- **Source records**
===============

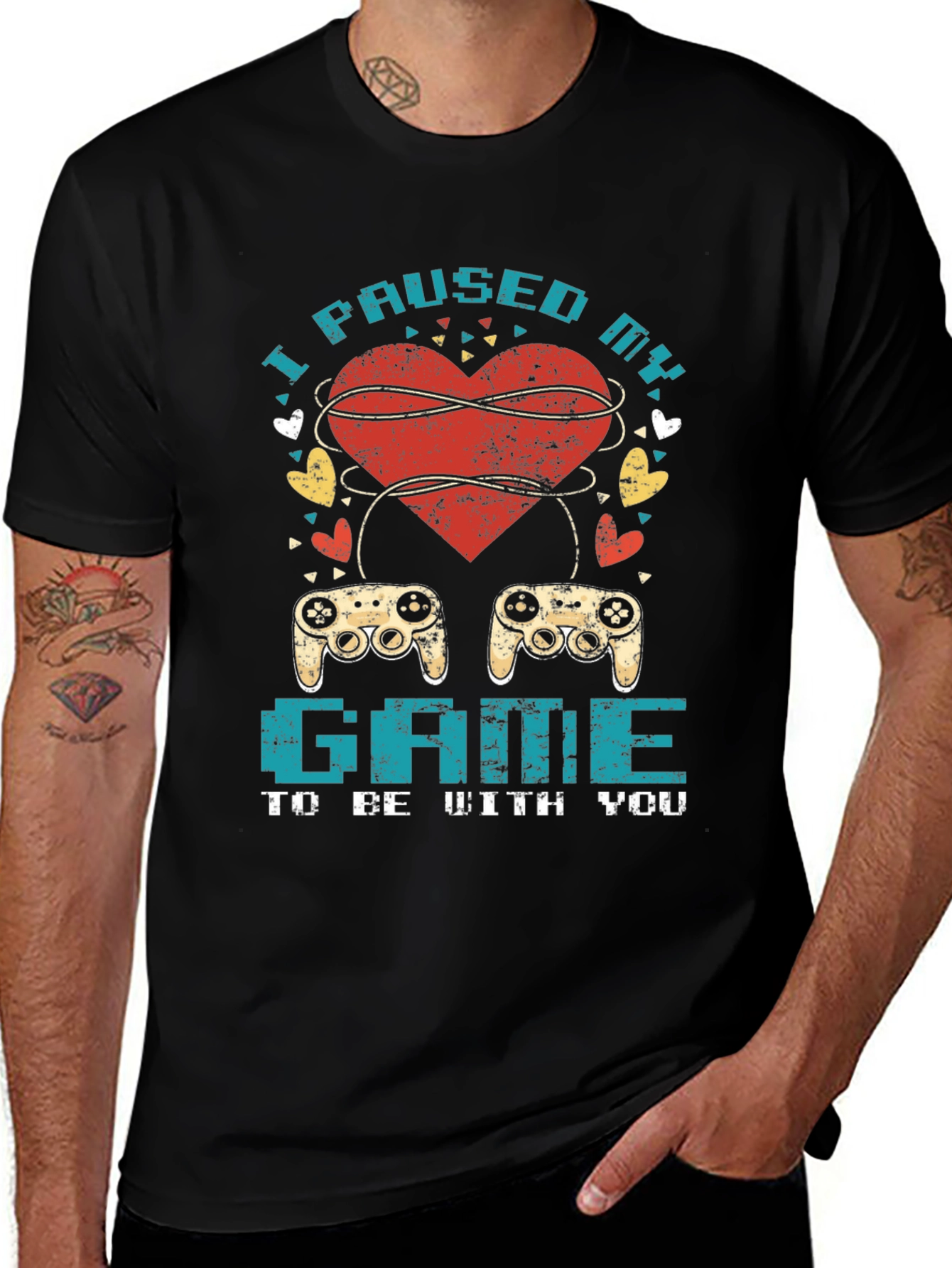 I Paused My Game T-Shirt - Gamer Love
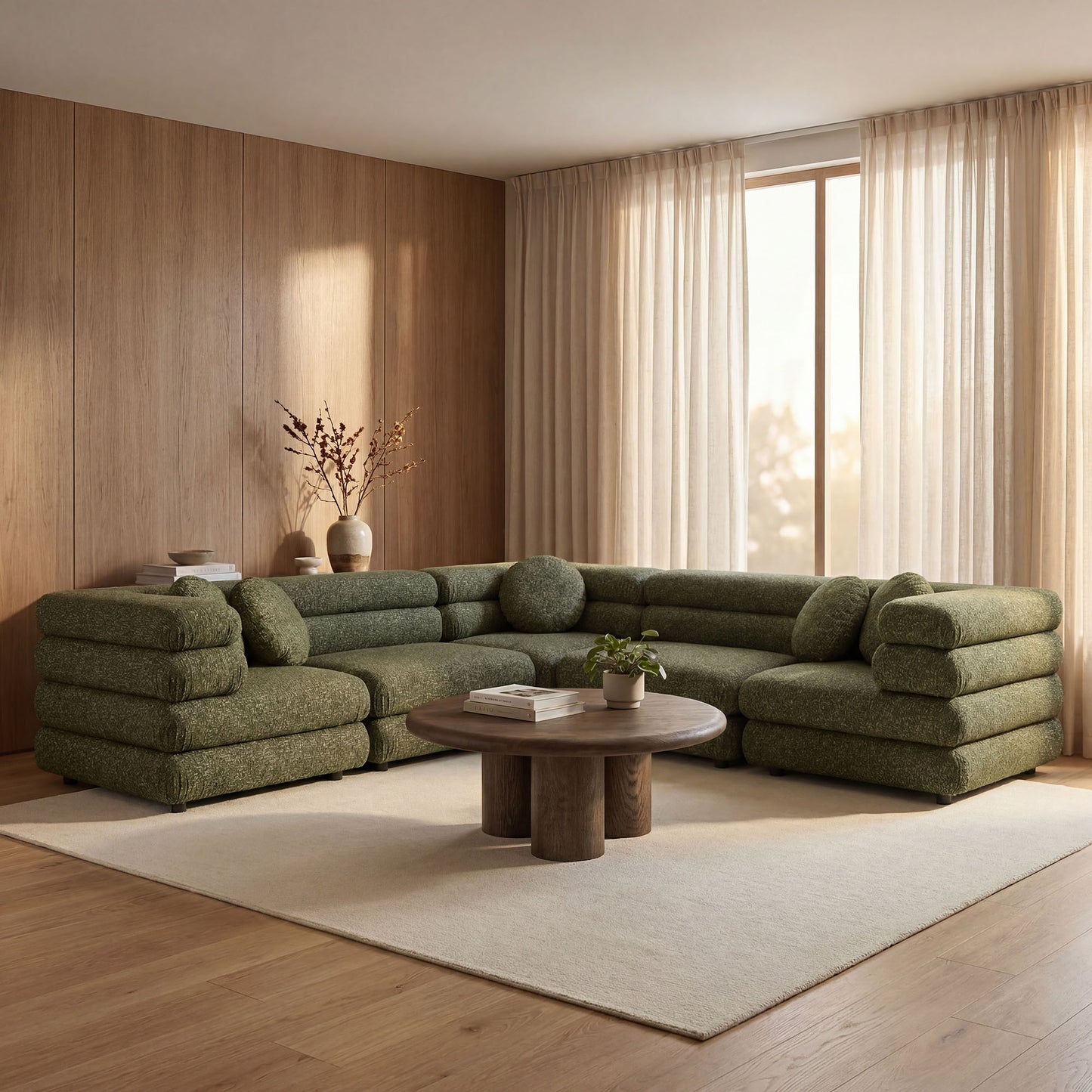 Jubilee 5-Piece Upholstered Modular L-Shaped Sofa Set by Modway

===============

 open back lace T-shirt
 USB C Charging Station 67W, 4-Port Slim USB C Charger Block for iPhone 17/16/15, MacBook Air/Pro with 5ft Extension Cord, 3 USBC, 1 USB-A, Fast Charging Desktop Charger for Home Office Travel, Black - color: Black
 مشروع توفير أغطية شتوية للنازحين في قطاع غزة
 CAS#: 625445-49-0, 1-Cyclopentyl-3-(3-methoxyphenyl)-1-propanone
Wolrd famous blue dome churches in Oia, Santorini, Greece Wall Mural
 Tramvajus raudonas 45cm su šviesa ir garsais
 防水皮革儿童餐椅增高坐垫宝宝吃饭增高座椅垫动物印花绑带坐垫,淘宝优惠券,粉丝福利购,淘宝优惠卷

===============

- **Task item**
In the listing above, locate the line containing "مشروع توفير أغطية شتوية للنازحين في قطاع غزة" and the line containing "防水皮革儿童餐椅增高坐垫宝宝". Extract those two lines and every line between them, exactly as written, and only those.

- **Task result**
 مشروع توفير أغطية شتوية للنازحين في قطاع غزة
 CAS#: 625445-49-0, 1-Cyclopentyl-3-(3-methoxyphenyl)-1-propanone
Wolrd famous blue dome churches in Oia, Santorini, Greece Wall Mural
 Tramvajus raudonas 45cm su šviesa ir garsais
 防水皮革儿童餐椅增高坐垫宝宝吃饭增高座椅垫动物印花绑带坐垫,淘宝优惠券,粉丝福利购,淘宝优惠卷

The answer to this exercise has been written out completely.